A comprehensive development pipeline means less bugs in production, because they are found beforehand.

The Challenges before CI/CD

When Otonomo was a small company, it was quite easy to manage our development resources and environments. Every engineer had his or her own full environment (which was mostly under-utilized and idle) and we had a very small number of packages/services to build and deploy. As we grew, challenges started and it became financially inefficient to maintain the same number of cloud resources as we previously had. As a result, we lacked enough environments and our productivity decreased. We answered the need by sharing dev environments. However, once we did, problems started sprouting like mushrooms after the rain.

Error-prone environments

Sharing environments requires constant maintenance and can lead to mistakes. Engineers have to always make sure the env they’re using is “clean” by deleting previous settings, structures, DB changes, infra modification, etc. This requires time and a decent amount of knowledge. If it is not done properly, it will cause errors.

Rising costs

To overcome the problems of shared envs, we had to increase the number of environments we were using, which lead to very high bills. This made even less financial sense, considering that almost 50% of the time, the environments were not being used (nights, weekends).

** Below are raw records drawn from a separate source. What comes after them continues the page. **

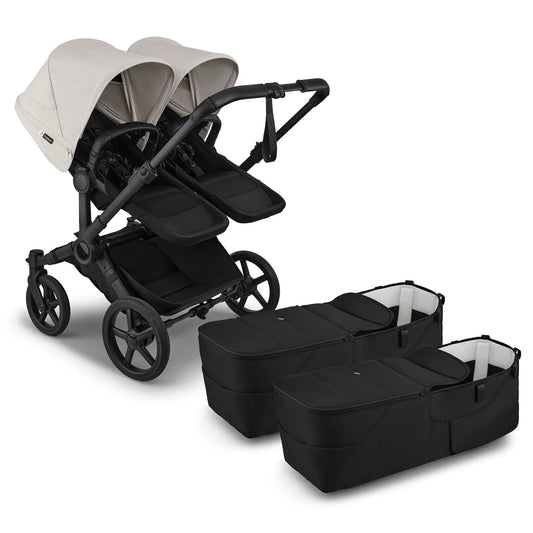 Bugaboo Donkey 6 Twin Complete Stroller Bundle - Black / Heritage Black / Misty White D6-TWIN-100370029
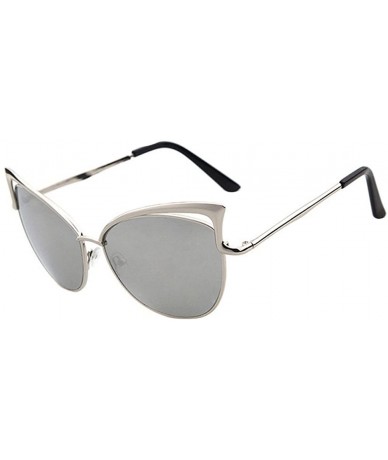 Sport Womens Mens Trendy Oversized Polarized Metal Frame Mirrored Cat Eye Sunglasses Unisex Eyewear - Silver - C018OZU605I $1...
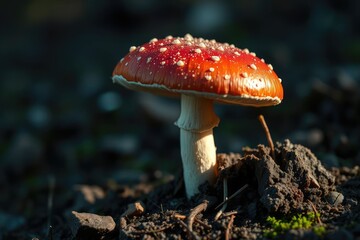 Toadstool mushroom red cap w white spots creamy stalk soil bed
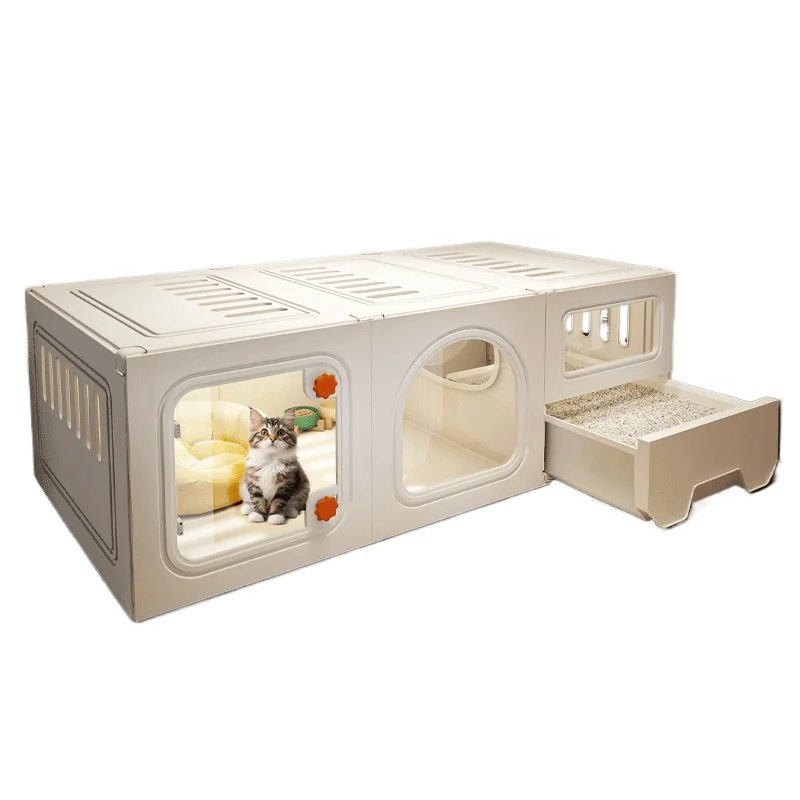 

It does not occupy a cat cage, with a toilet, one bedroom, one living room and one bathroom. Cat villa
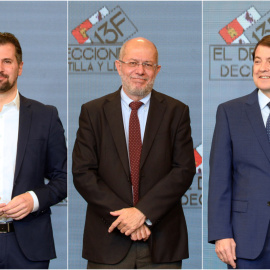 Los candidatos del PSOE, Ciudadanos y PP a la Presidencia de la Junta de Castilla y León, Luis Tudanca, Francisco Igea y Alfonso Fernández Mañueco. EFE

Making cross changes was hard

Applying changes, for example, adding a new cloud resource or a DB schema, consumed time and resources. Even with automated scripts.

Merged code was buggy

Merges to the mainstream were made without fully checking end-2-end compatibility with all services, and problems got worse with infrastructure-related changes. In fact, many bugs and errors were discovered *after* the code was merged to master, either by chance, or through tests we ran over staging and production (the discussion about unit tests/integration is out of scope for this, but we do have those).

The solution: a CI/CD pipeline

The answer we found to these problems was creating a CI/CD pipeline built out of 3 blocks (layers) that eases the whole environment management requirements (infra-wise) and merges clean, new code to the master.

Block #1- Environments and infrastructure (a.k.a Nightly)

The first and foremost problem we tackled was to allow our engineers to work on a clean and stable development environment. In order to get a fresh environment, we implemented a process we call “Nightly”, an automatic env recreation that deletes the previous day’s work. At the end of the day, the “Delete” process is fired automatically. Early in the morning, the “Create” process starts, before the first engineers arrive at work. This process is triggered automatically, through a scheduler. The complete process, executed on our entire development environments, is as follows:

Scorching all databases (MySQL, AWS metastore, AWS DynamoDB, etc.).
Updating/Creating new infra changes and Deleting old changes. This gives us the ability to provision new changes across all environments without the need to trigger cross env update processes.
Rebuilding all microservices and packages from latest code.
Deploying all services, components, external services, etc. (e.g spark applications.)
Filling databases with fresh dummy data.
Re-enabling scheduled tasks to avoid our Slack being spammed with errors the whole night.
Running full end-2-end tests on each env.

Here is our Jenkins job that controls the nightly process:

In addition, by deleting environments at night, we reduce around 40% of the cost of each environment. During weekends for instance, we keep only 2 environments for emergency use. Here is a sample daily cost of dev environments, specifically AWS EC2 and Elasticsearch:

Block #2- Code deployments and merges to mainstream (a.k.a Pull Request- End 2 End a.k.a PR-E2E)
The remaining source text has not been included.